In fact, Konchalovsky -- unless he's somehow been directing every one of her roles here since -- got a bad rap. Though they have, mercifully, been toned down in this production, "silent movie clichés" are exactly Netrebko's onstage metier.

Yet the real problem is not her physical vocabulary but its deployment. Her performance is almost entirely narcissistic, failing to connect with, adapt to, or often even acknowledge the presence and actions of anyone else onstage. I've noticed this phenomenon before, but in this production it reaches an almost admirable zenith of purity. Perhaps it's the contrast with her co-star, whose physical as well as sonic expression is pure, unforced, and unhindered. Polenzani's almost puppyish eagerness goes totally unregistered on Netrebko's body and actions, even in their love scenes -- a surreal sight. (I wonder if Netrebko's narcissism would have been even more surreally interesting paired with a tenor himself self-regarding -- that is, in this case, Alagna.)
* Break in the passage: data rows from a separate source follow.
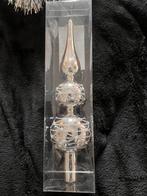 Zilverkleurige glas piek voor de kerstboom, Ophalen of Verzenden, Nieuw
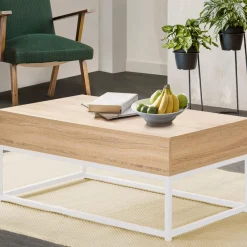 IDMarket Table basse industrielle blanche et bois avec plateau relevable* Collection Industrielle|Salon Complet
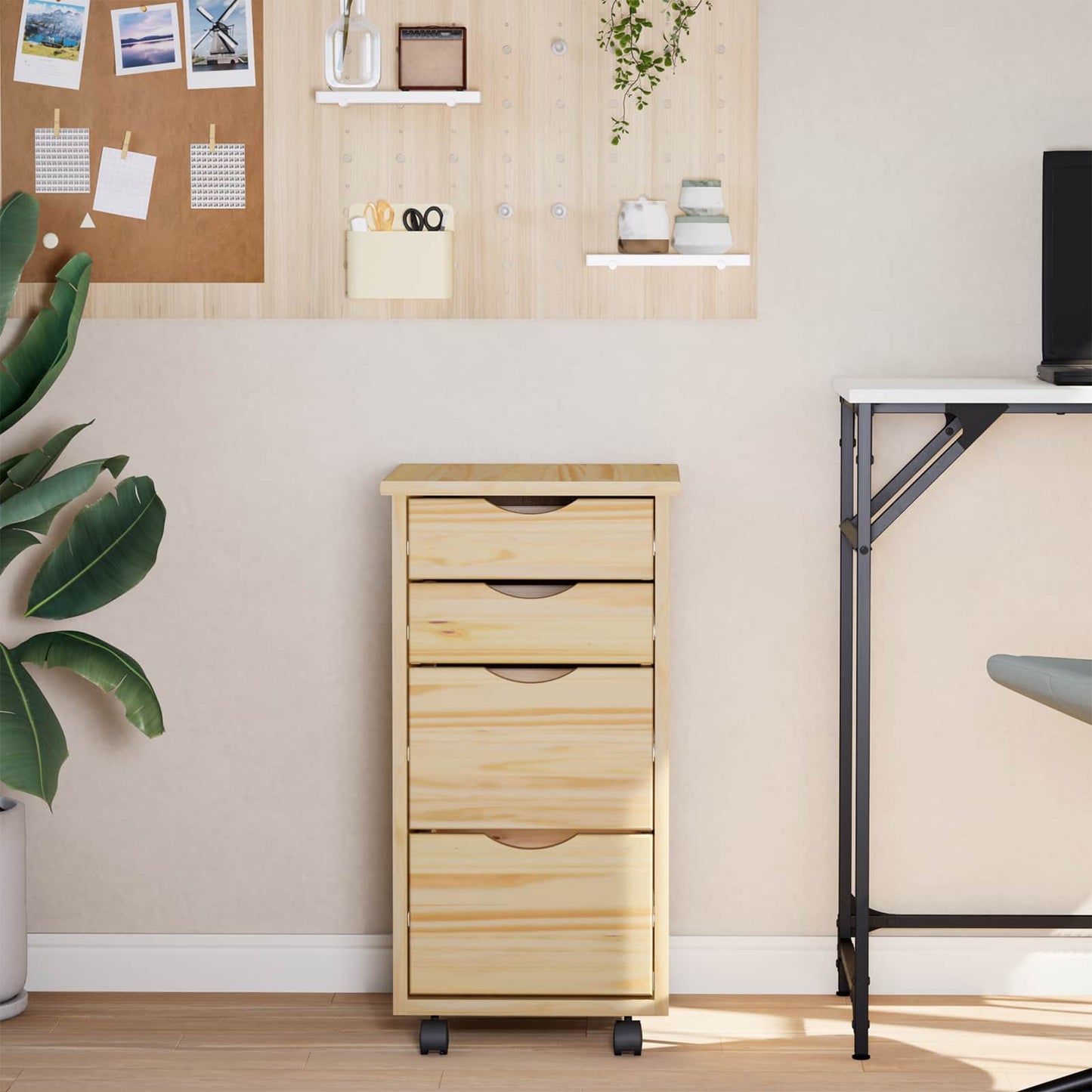 Rolling Cabinet with Desk MOSS Clear Varnish 34 x 39 x 65.5 cm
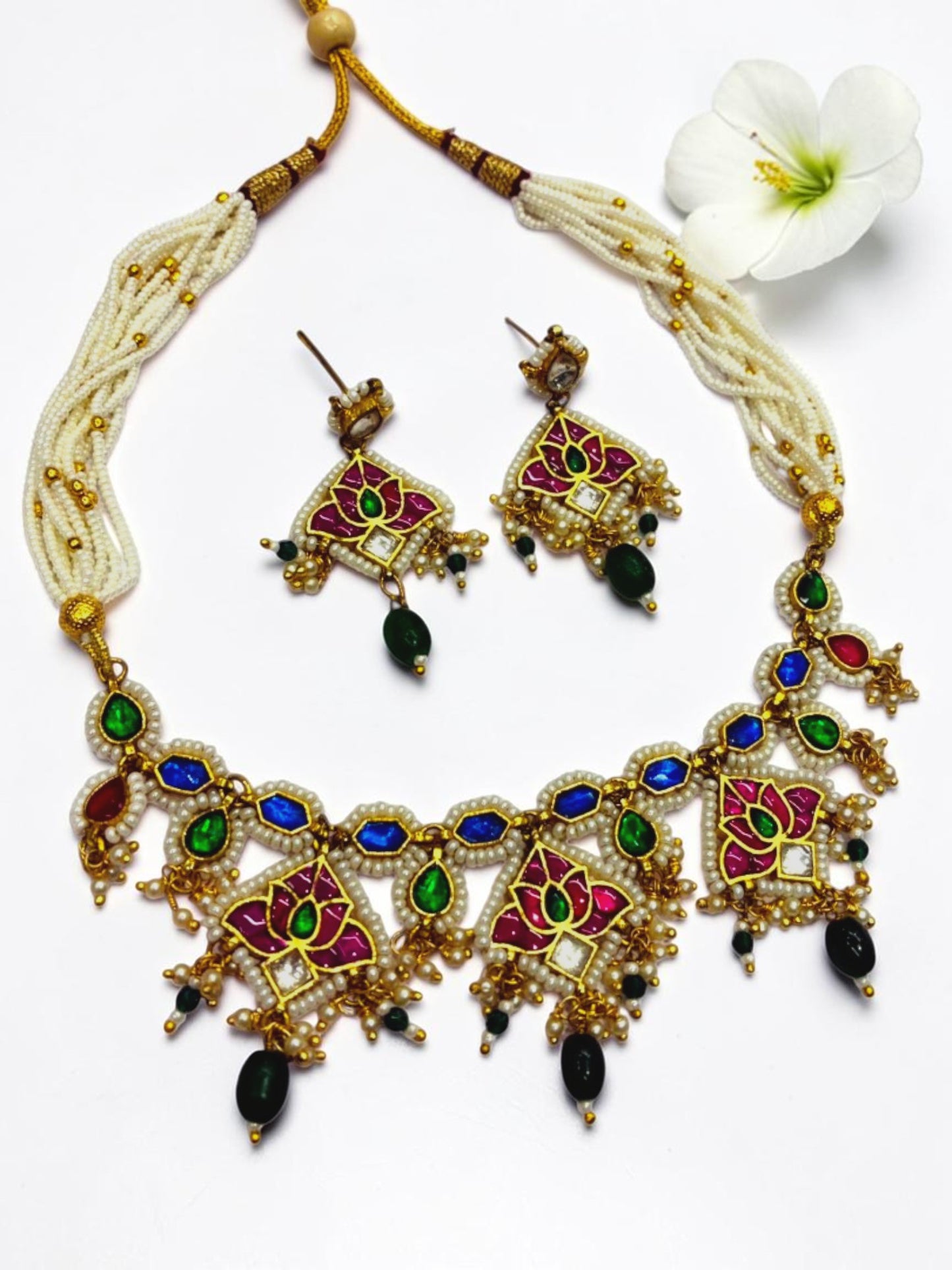 BLUE STONE BHAVNA HERITAGE JEWELLERY SET
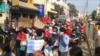 ဖေဖော်ဝါရီ ၈ ရက်နေ့က မြင်းခြံမြို့ ဆန္ဒပြပွဲ မြင်ကွင်း။ (ဖေဖော်ဝါရီ ၈၊ ၂၀၂၁)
Even odder, perhaps, is what happens between Netrebko's bouts of "silent movie cliché". When she's not trying thereby to grab attention, she is totally blank -- not the standard opera-singer "waiting for my cue" receptivity, but complete, almost uncanny blankness, as if she's not actually present. It's difficult even to see her onstage in these portions; the eye and mind find no purchase thereon. It's as if she's performing in her own highlight film. Perhaps it ensures that her fans only notice and remember her "best bits", but to a non-fan it's just bizarre.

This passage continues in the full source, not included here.